Na EsAO, um dia ele foi almoçar lá em casa. Levou um buquê de flores para Tânia – um buquê simples, que refletia bem o seu jeito que todos conhecíamos – e fez muita festa para nossa primogênita, que tinha alguns meses de idade. Fez questão de dizer que preferia as meninas, porque eram mais amáveis, mais bonitas... tudo para nos agradar. Era a gentileza em pessoa. Quando conversávamos sobre a nossa experiência profissional, divertia-se contando que, no Quinze, onde fora aspirante, o comandante – que fora o comandante do esquadrão de Cavalaria da FEB – levava os oficiais para praticar equitação, não sei se nos Dragões ou no REsC; em contrapartida, os oficiais dessa unidade iam ao Regimento fazer maneabilidade nos M113 e passavam maus momentos, fechados nos blindados.


Fomos contemporâneos na ECEME, tendo-se formado um ano antes de mim. Garantiu-me que nunca abriu nenhum “telegrama” das provas; quando lhe perguntava como havia saído nelas, me dizia que não sabia, mas que achava que a solução que havia dado era “muito bonita”. A fórmula deu certo, pois concluiu o curso com conceito MB. Deu-me para ler sua monografia. Dela guardei um detalhe: na citação do autor da frase que encabeçava o texto, ele não colocou “fulano de tal”, mas “frase atribuída a fulano de tal”.


Fui convidado para substituí-lo no comando do Corpo de Alunos da EsPCEx, porque ele havia sido aprovado no concurso e nomeado instrutor de português em West Point. Quando assumi, não nos encontramos, porque ele já havia seguido destino para essa missão.

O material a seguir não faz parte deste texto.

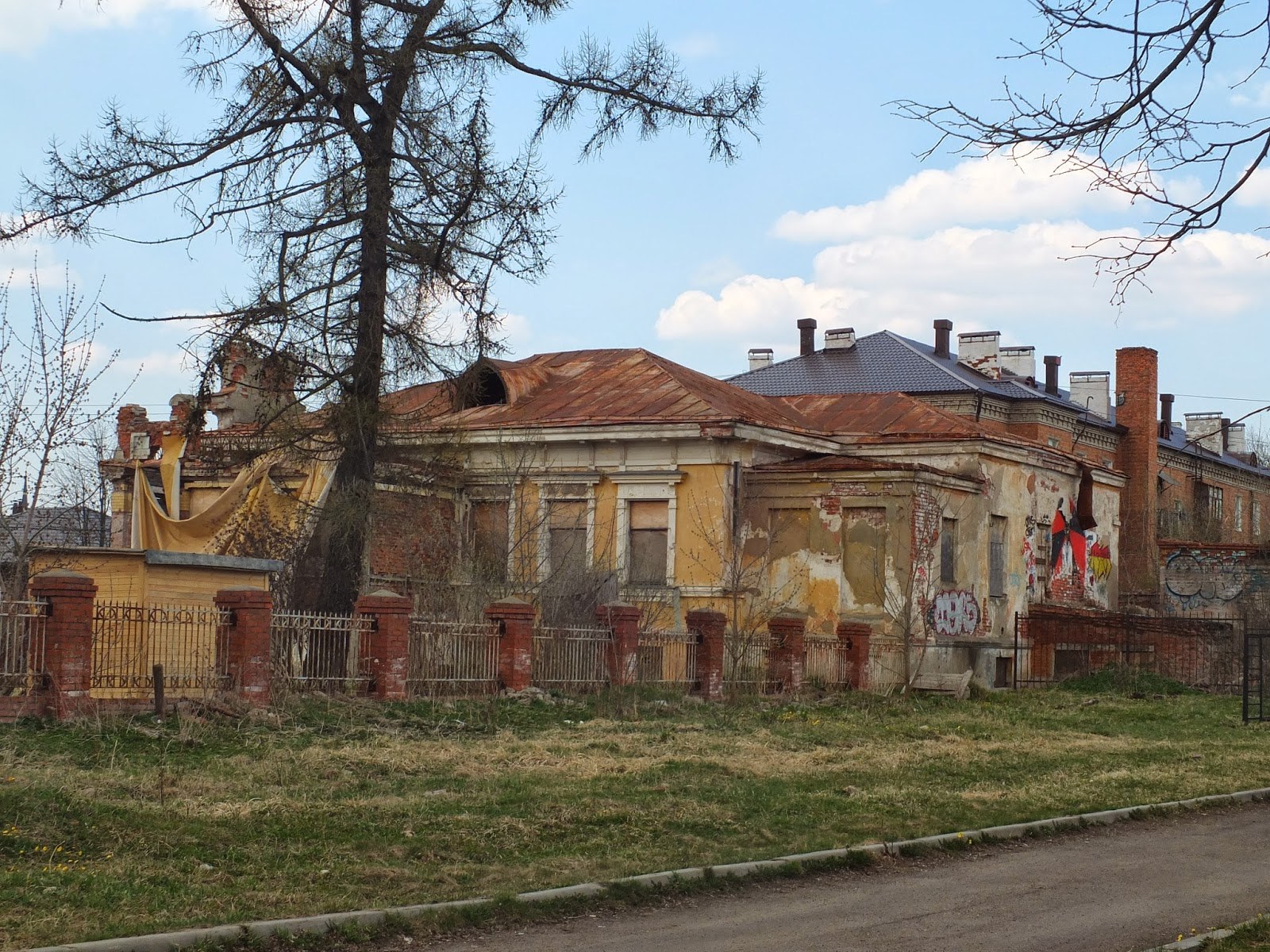 Усадьба можайское. Усадьба Хлебникова в Можайске. Городская усадьба Хлебникова-ролле. Усадьба дисана Алексеевича Хлебникова. Можайск дом купца Хлебникова.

Eu o admirava muito. Considerava-o um profissional da melhor qualidade. Era benquisto, não só por nós de Cavalaria, mas por todos os oficiais que o conheciam.


Como era esperado, ascendeu ao generalato:


– Comandante da 4ª Brigada de Infantaria Motorizada...


– Missão no exterior: chefe dos observadores militares da ONU, na Bósnia...


– Comandante da Brigada de Aviação do Exército...


– Aluno da ESG...


– A reserva...

 

– ... O câncer fulminante...


E lá se foi nosso companheiro.


Que Deus o tenha, junto com os demais “tuducaxes” que, como ele, nos precederam na derradeira transferência.